━━ EXERCISE DATA
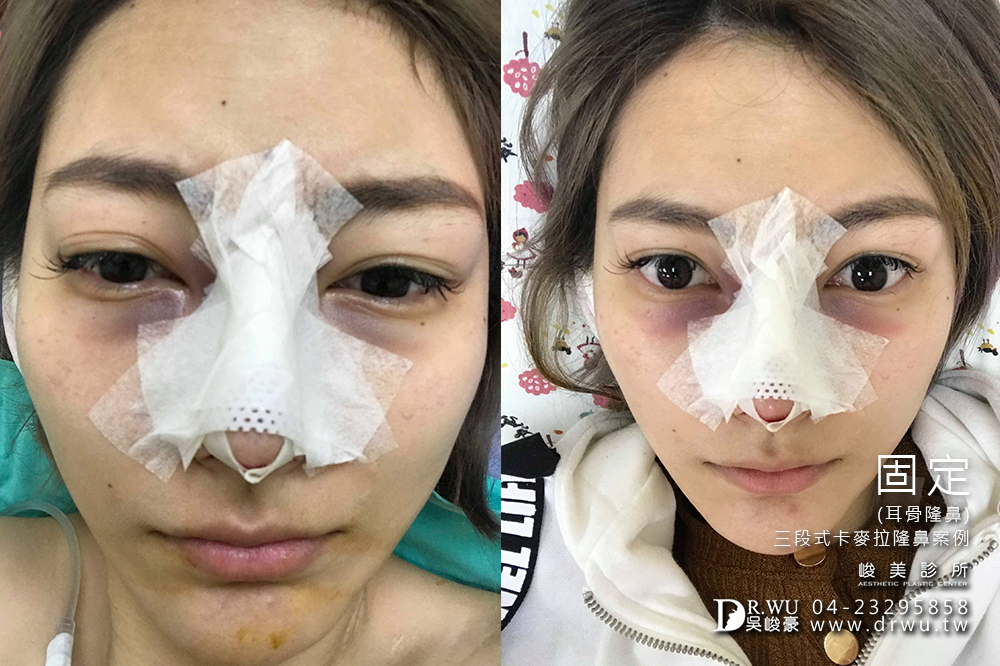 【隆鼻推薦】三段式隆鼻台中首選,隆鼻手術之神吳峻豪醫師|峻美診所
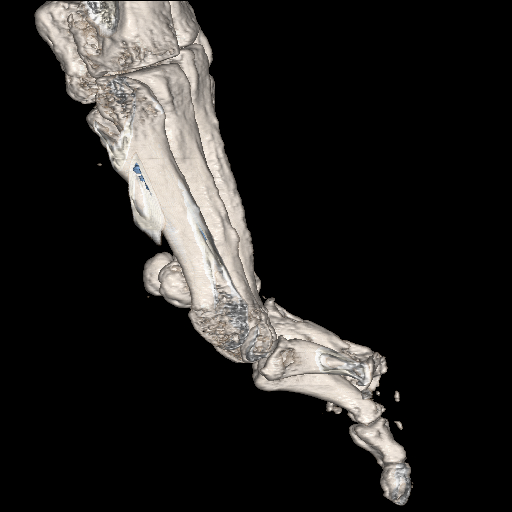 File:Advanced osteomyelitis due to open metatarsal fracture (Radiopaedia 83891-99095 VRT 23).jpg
━━━━
━━ EXERCISE DATA
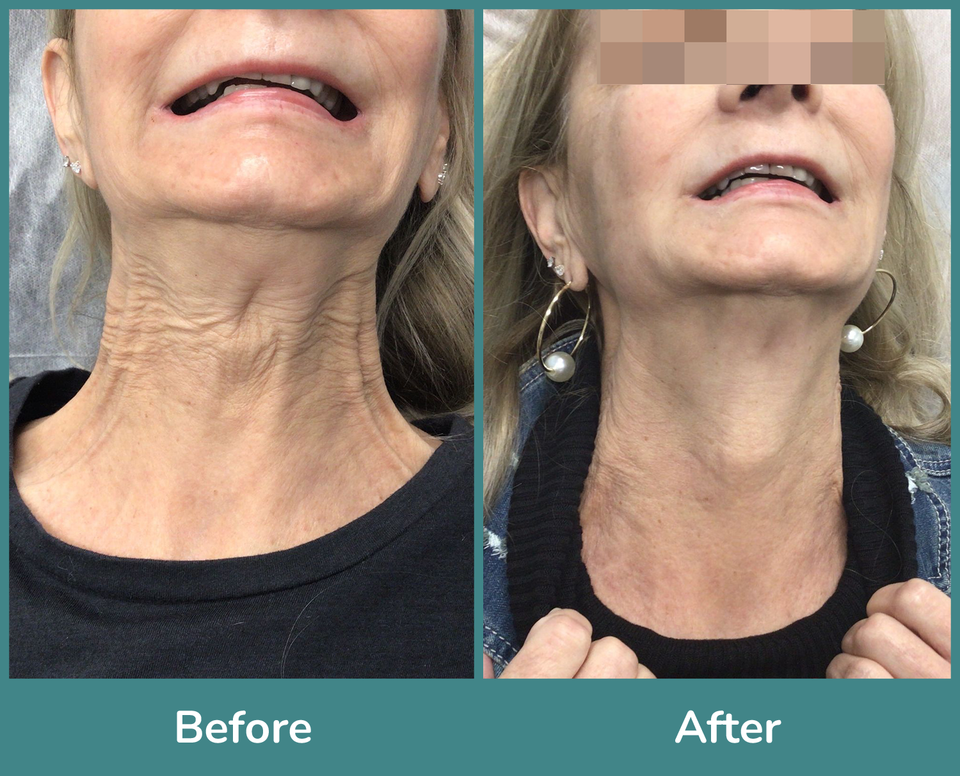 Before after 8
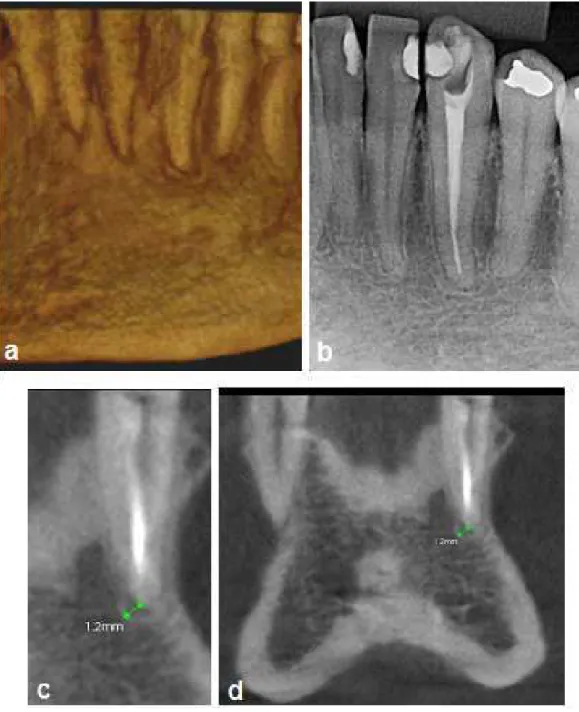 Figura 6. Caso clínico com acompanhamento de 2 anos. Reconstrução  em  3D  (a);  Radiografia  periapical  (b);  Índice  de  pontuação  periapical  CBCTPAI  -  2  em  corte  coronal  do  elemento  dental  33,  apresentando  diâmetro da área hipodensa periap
━━━━
━━ EXERCISE DATA
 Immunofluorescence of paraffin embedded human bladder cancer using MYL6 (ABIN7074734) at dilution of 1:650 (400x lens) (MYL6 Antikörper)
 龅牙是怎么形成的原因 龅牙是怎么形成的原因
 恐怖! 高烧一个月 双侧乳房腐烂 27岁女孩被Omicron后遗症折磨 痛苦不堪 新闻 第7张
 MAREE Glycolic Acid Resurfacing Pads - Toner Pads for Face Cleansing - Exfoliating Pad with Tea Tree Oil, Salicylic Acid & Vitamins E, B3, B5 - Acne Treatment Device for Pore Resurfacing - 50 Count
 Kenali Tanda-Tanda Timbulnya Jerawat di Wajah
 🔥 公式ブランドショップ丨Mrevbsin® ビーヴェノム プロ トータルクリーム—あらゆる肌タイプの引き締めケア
━━━━
**ABOUT THIS EXERCISE**: With the pictures omitted, restate word for word the lines above from the line that has "Before after 8" up to and including the line that has "Figura 6. Caso", and no other lines.

**RESULT OF THIS EXERCISE**:
 Before after 8
 Figura 6. Caso clínico com acompanhamento de 2 anos. Reconstrução  em  3D  (a);  Radiografia  periapical  (b);  Índice  de  pontuação  periapical  CBCTPAI  -  2  em  corte  coronal  do  elemento  dental  33,  apresentando  diâmetro da área hipodensa periap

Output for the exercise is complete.